Michel Trottier dit qu'il est mort le jour où les policiers ont trouvé le corps meurtri de son amie de coeur, Natasha Cournoyer, sous un pylône électrique à Pointe-aux-Trembles.

Ce jour-là, après une semaine d'attente insoutenable, de recherches et d'appels à l'aide dans les médias, le jeune homme de 32 ans a dû surmonter une autre épreuve: les soupçons. Ceux du public, des policiers et même de la famille de Natasha. Des soupçons qui, raconte-t-il, l'ont privé de son deuil.

 

«J'aurais aimé juste vivre ma peine, mais j'ai dû la mettre de côté pour me défendre», a-t-il confié à La Presse pour sa première entrevue depuis la découverte du corps de Natasha Cournoyer.

«C'est sûr que j'ai un goût amer, mais je n'ai pas de comptes à régler. C'était horriblement difficile. Heureusement, j'ai eu beaucoup de soutien dans les dernières semaines - de ma mère, de mes amis, de mes collègues et même de parfaits inconnus.»

Natasha Cournoyer a été retrouvée morte le 6 octobre. Pour dissiper les doutes, Michel Trottier a rencontré les enquêteurs montréalais le 14 octobre. Après un interrogatoire serré qu'il décrit comme l'expérience la plus dégradante de sa vie, il a passé avec succès le test du polygraphe.

«J'ai dû me mettre à nu. C'était humiliant, mais nécessaire. Mon avenir en dépendait.»

Avec l'arrestation, jeudi dernier, du présumé tueur de son amie, Michel Trottier sait que les soupçons à son égard ne tiennent plus. Mais il dit n'en tirer aucune satisfaction.

«Les gens me demandent si je suis soulagé qu'on l'ait retrouvée. La réponse, c'est non. Ça m'a fait rechuter. Ce jour-là, je n'ai pas été capable de parler, je suis resté calé dans mon sofa, je ne pouvais plus bouger. Je suis heureux que la justice puisse faire son travail. Mais moi, ça ne me donne absolument rien. Ça ne me la ramène pas. Mon coeur reste vide. Je suis mort le jour où il me l'a enlevée.»

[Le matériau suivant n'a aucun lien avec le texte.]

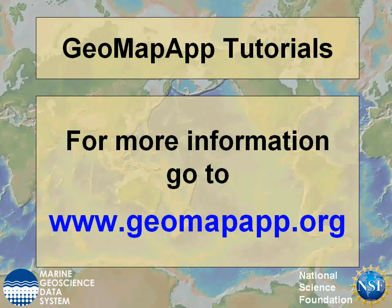More information about GeoMap App can be found at www.geomapapp.org.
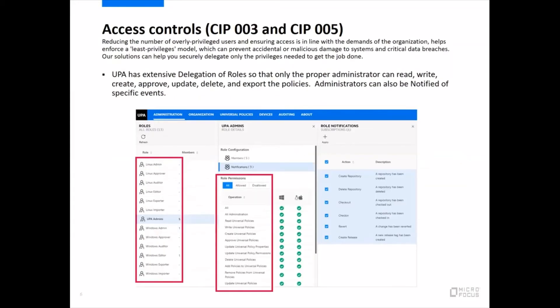For access controls, SIP 003 and 005, UPA has extensive delegation of roles so only proper administrators can read, write, create, approve, update, delete, or export policies. Granular role management is included, and there are also notifications built in so higher-level administrators can be notified of certain activity by lower-level administrators.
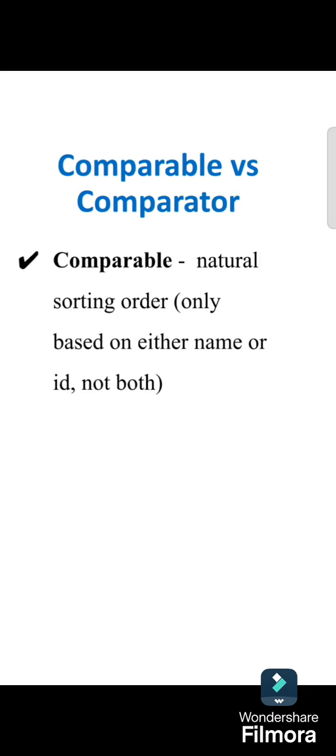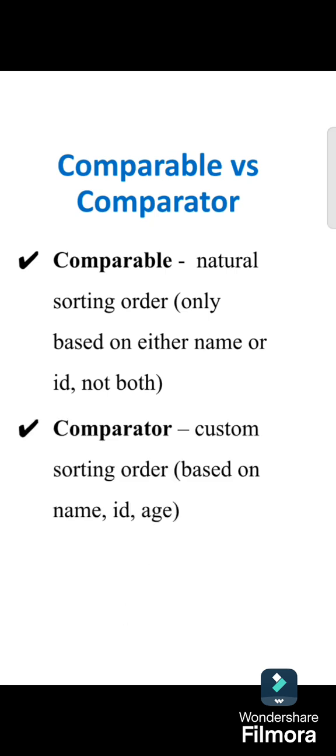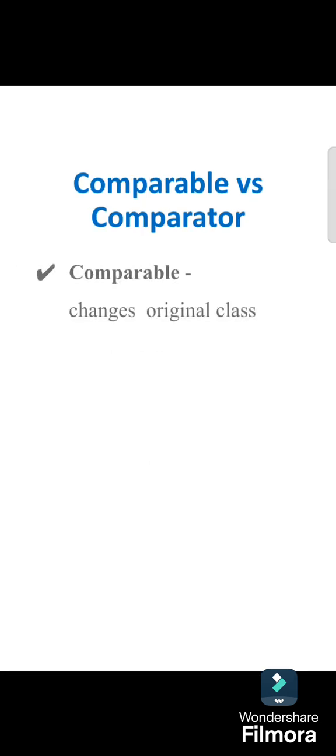Then based on usage, Comparable is used for natural sorting order. That is, only based on either name or id in a custom object can be sorted, but not both, whereas Comparator can be used for custom sorting order.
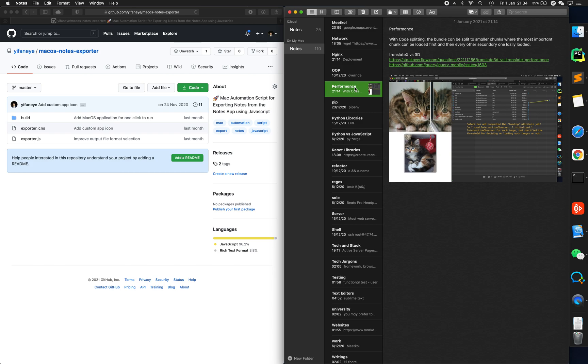Hello everyone, today I'm here to demo how to use my macOS notes exporter. macOS notes exporter is a Mac automation script that I wrote using JavaScript about a month ago that exports notes from the notes app.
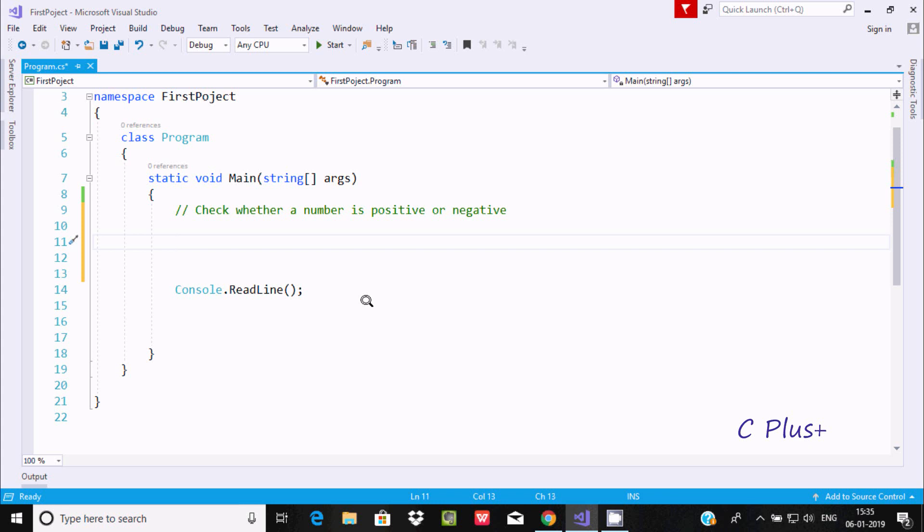Hi guys, in this video I'm going to discuss how to check whether a number is positive or negative.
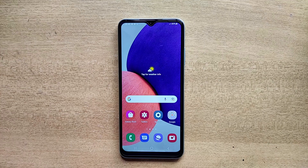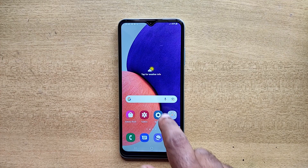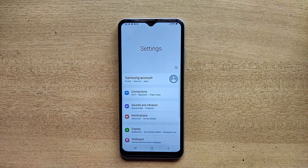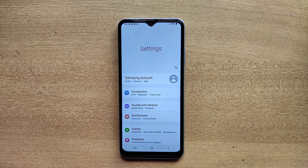Hello guys, welcome to ftopreview.com. In this video we are learning a very simple and quick tutorial of Samsung Galaxy mobile. Open your settings application and please follow my steps to complete this tutorial.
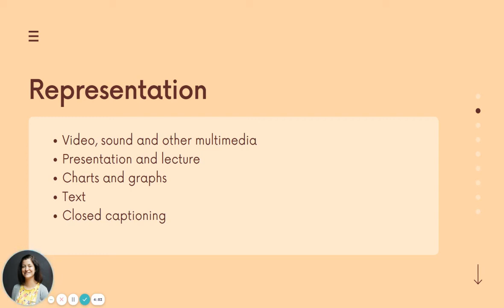As far as assistive technologies, closed captioning is helpful for kids who may be English learners or who learn best when watching videos and multimedia resources with closed captioning on.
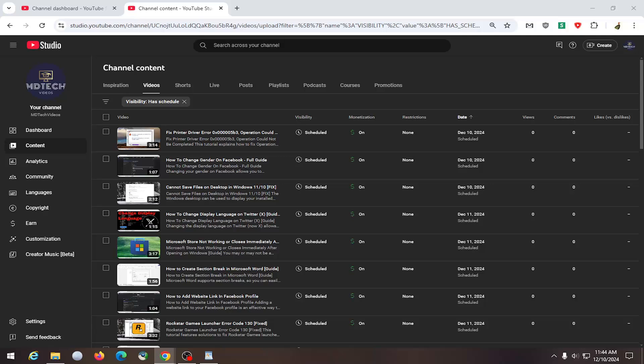In today's tutorial, I'm going to show you guys how to change the scheduled date and time of a YouTube video to be published.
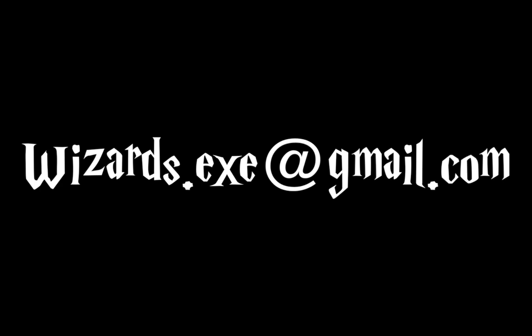Thank you for watching this video. Please leave a comment or email wizards.exe at gmail.com with any questions. Thank you.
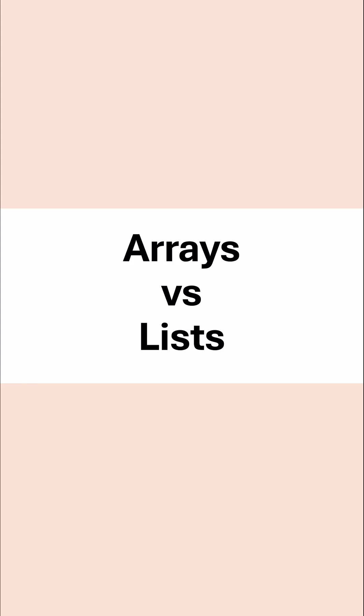The terms array and list are often used interchangeably, which can be really confusing, especially if you are a Python programmer.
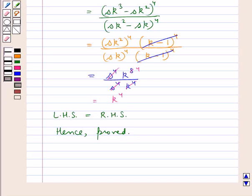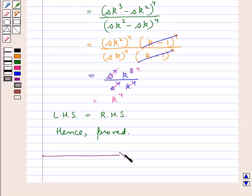So this is how the K method is applied in the case of continued proportions. This completes the session. Hope you have understood the concept of the K method in proportions. Thank you.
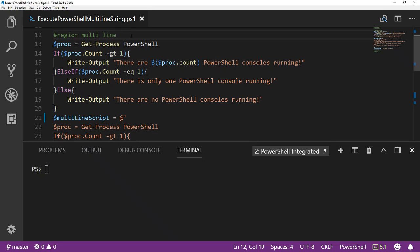So PowerShell can do a lot of really cool things, at least in my opinion, and one of them is that we can build a script inside of a string and then execute it in PowerShell. Let's talk about how we would do that.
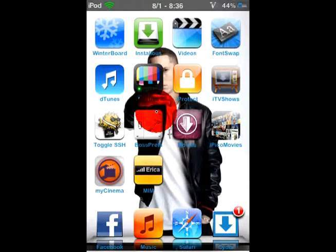So then, now whatever apps you have locked, you have a passcode on them and nobody can get on them except for you. There you go. Don't forget to subscribe. Thanks for watching.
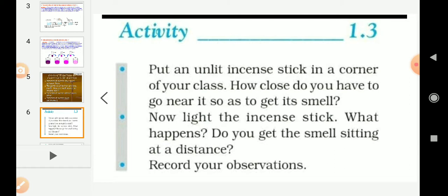Now light the incense stick. What happens — do you get the smell sitting at a distance? Yes, the smell of the incense stick can be felt even sitting at a distance. Because when you light it, the particles of the gas mix up in the air. By conducting this activity, we can say that the particles of gas and air mixture are continuously moving.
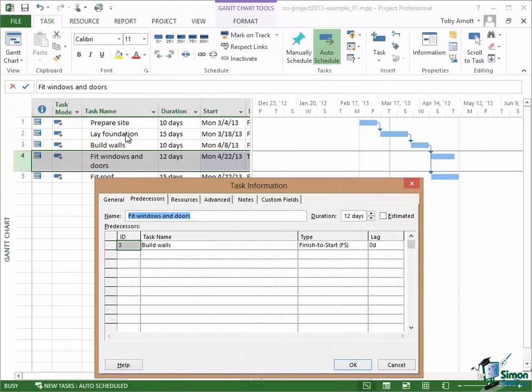So that's it on dependencies for the moment. We need to look at those in quite a bit more detail later on. That's it for this section — I'll see you in the next one.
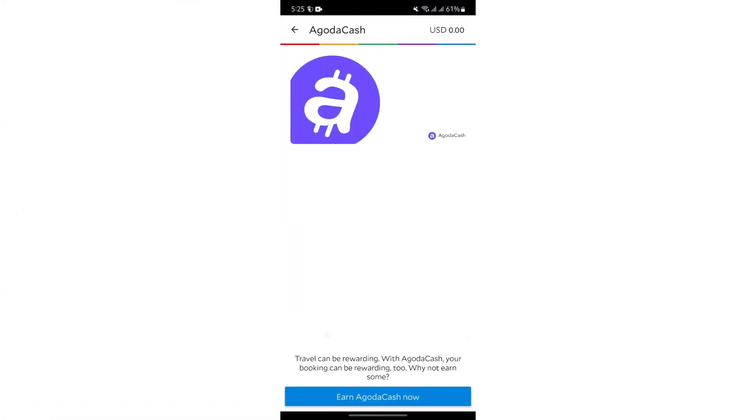And now after tapping into Agoda Cash, just simply tap into earn Agoda Cash now. And after tapping into earn Agoda Cash now.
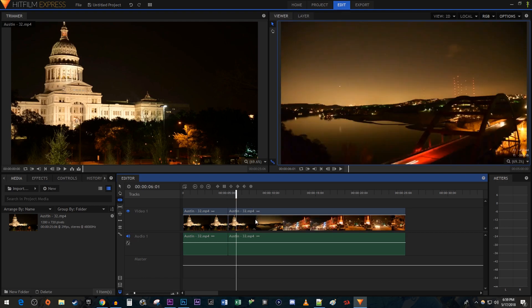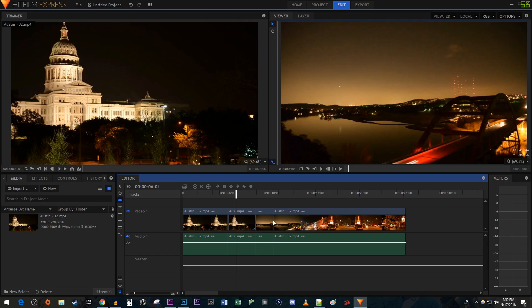You can also just click anywhere on your footage with the slice tool to make a cut if you'd rather not use the time head. To trim your footage, click on the selection tool on the toolbar or press the V key on your keyboard. Then click and drag the end of one of your clips to trim it.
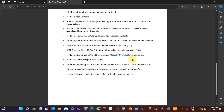So if we have VRRP group 15, the MAC ends in 0F. VRRP uses its own protocol number 112. In VRRP, preemption is enabled by default, whereas in HSRP it is disabled by default. Preemption can be disabled in VRRP using the 'no vrrp preempt' command under the interface. Also in VRRP, the virtual IP can be the same as the real IP address on the interface.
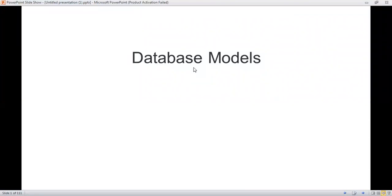Good morning all. In today's session we discuss database models, those are used for database management system.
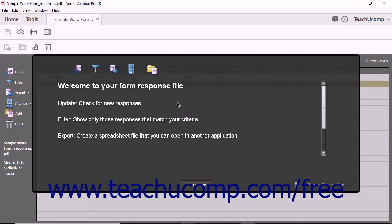As shown in the previous lesson, all form data received from a distributed form is stored in an associated form response file. In this lesson, you will examine managing data within a form response file. Note that the form response file is a PDF portfolio file; however, you cannot edit either the layout or details view of a form response file. All the usable tools appear in a toolbar at the left side of the layout view of the file.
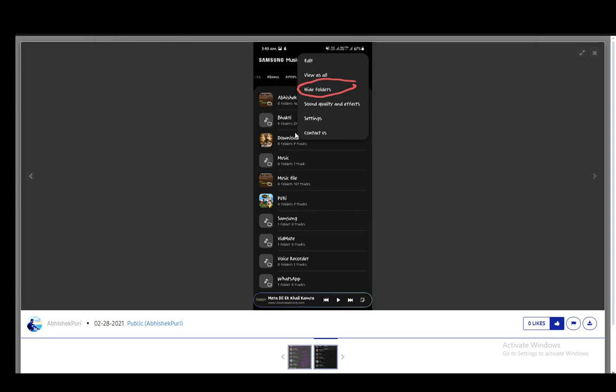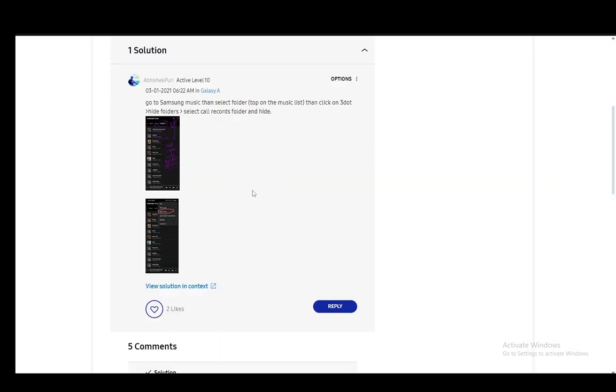Then you just click file folders or hide folders. Once you're here, you just need to hide the folder that you want which includes the calls which you have recorded and any other files which you might want to hide as well.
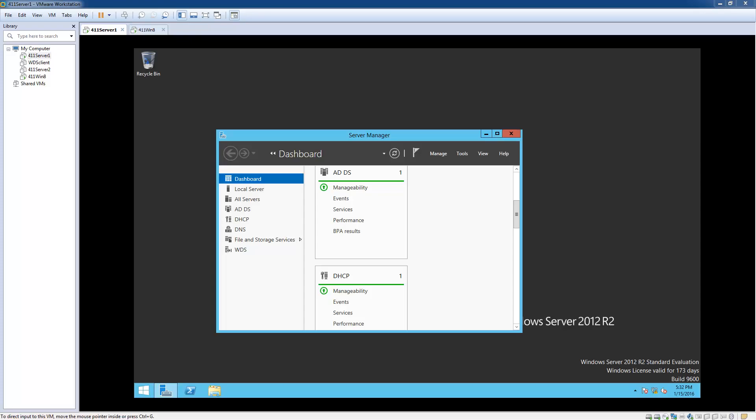All right guys, today we're going to be updating a couple computers. What we're going to do is create GPOs — group policy objects — so that we can, let's say we have 10 computers that need to be updated. We'll just assign them to the GPOs and then we can get them all updated at the same time instead of going through and working on them one by one.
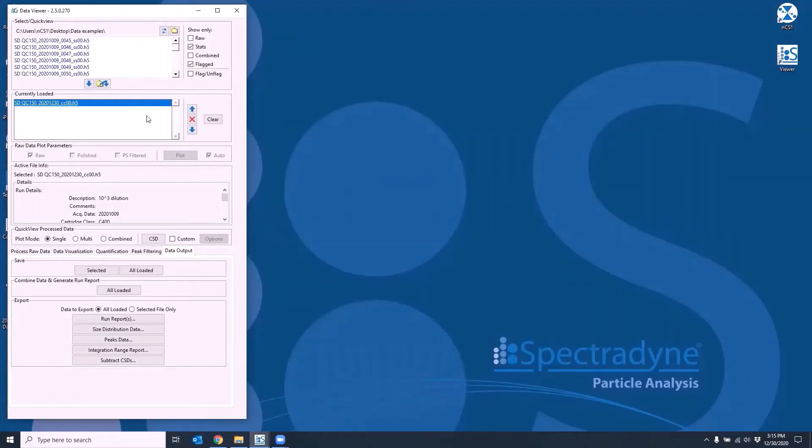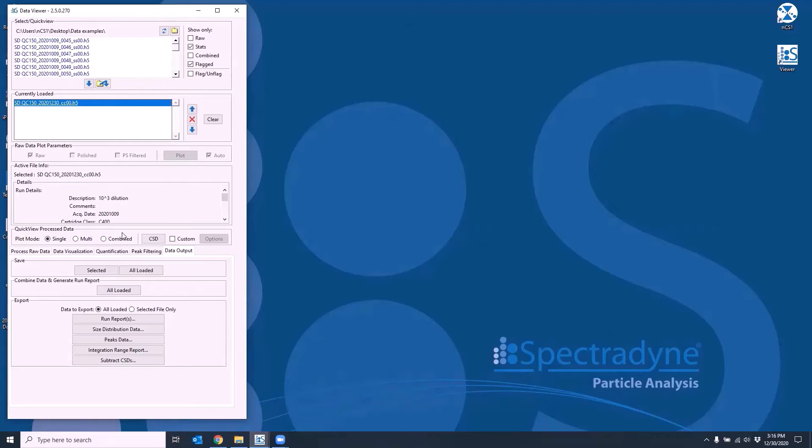Once the combined file has been created, you can still change it as you wish and save the modified version by clicking the selected button for a single file or all loaded button to save all files currently loaded in the frame. This will create new combined file and does not overwrite the previous file.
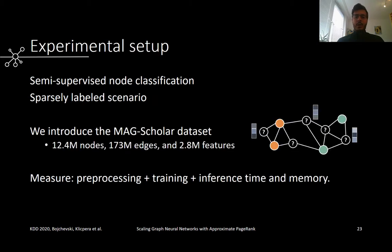We evaluate PPR-GO on the semi-supervised node classification task. We are given labels for a few nodes, and we want to predict the labels for the remaining nodes. We are interested in the sparsely labeled scenario, where we have a very small number of labeled nodes, since often it's very expensive to obtain ground-truth labels. Specifically, we train our models with 20 labeled nodes per class on average. We also introduce a new large-scale benchmark dataset by combining the Microsoft Academic Graph with ground-truth class labels from Google Scholar. On this dataset, we use only 160 training nodes out of 12.4 million nodes in total.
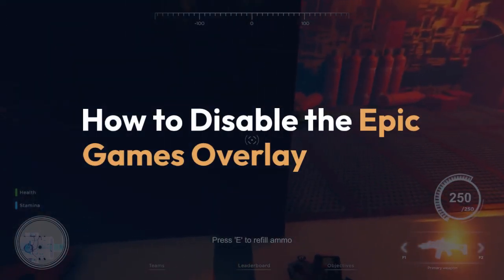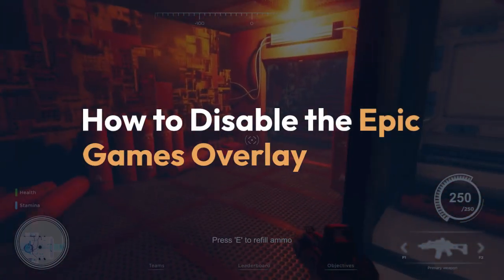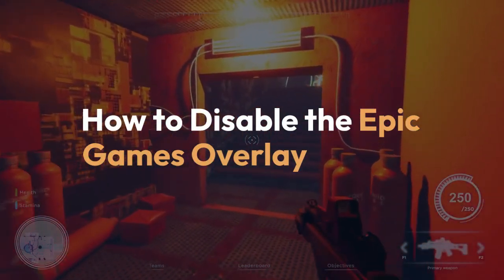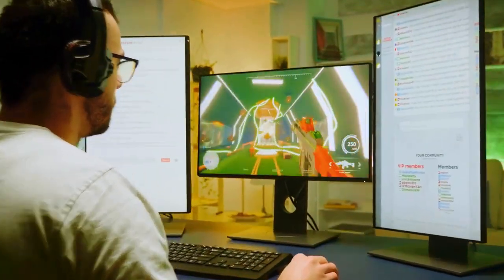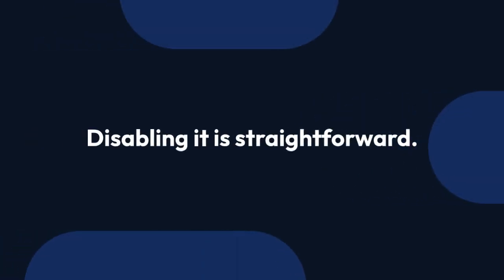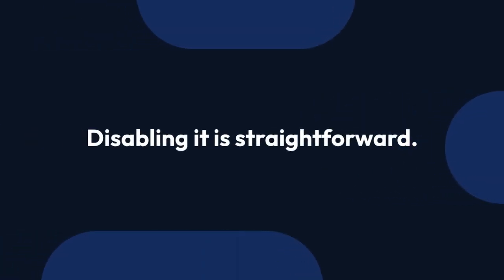We're going to explain how to disable the Epic Games Overlay. The Epic Games Overlay, while offering features like in-game chat and performance monitoring, can sometimes interfere with gameplay or other applications. Luckily, disabling it is straightforward.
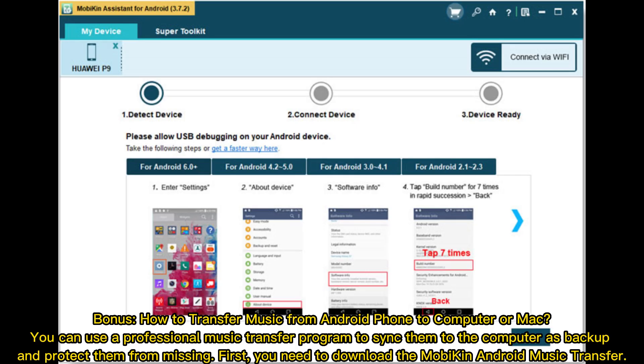Bonus: how to transfer music from Android phone to computer or Mac. You can use a professional music transfer program to sync them to the computer as backup and protect them from missing.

L'homme soupçonné du meurtre de Natasha Cournoyer, Claude Larouche, sera de retour devant le juge le 9 décembre pour la présentation de la preuve.

«Je ne peux pas y aller, je n'ai pas la force de le faire. Je ne pourrais pas le regarder sans rien faire. Ce gars-là a un trop gros avantage sur moi. Il m'a pris quelque chose.»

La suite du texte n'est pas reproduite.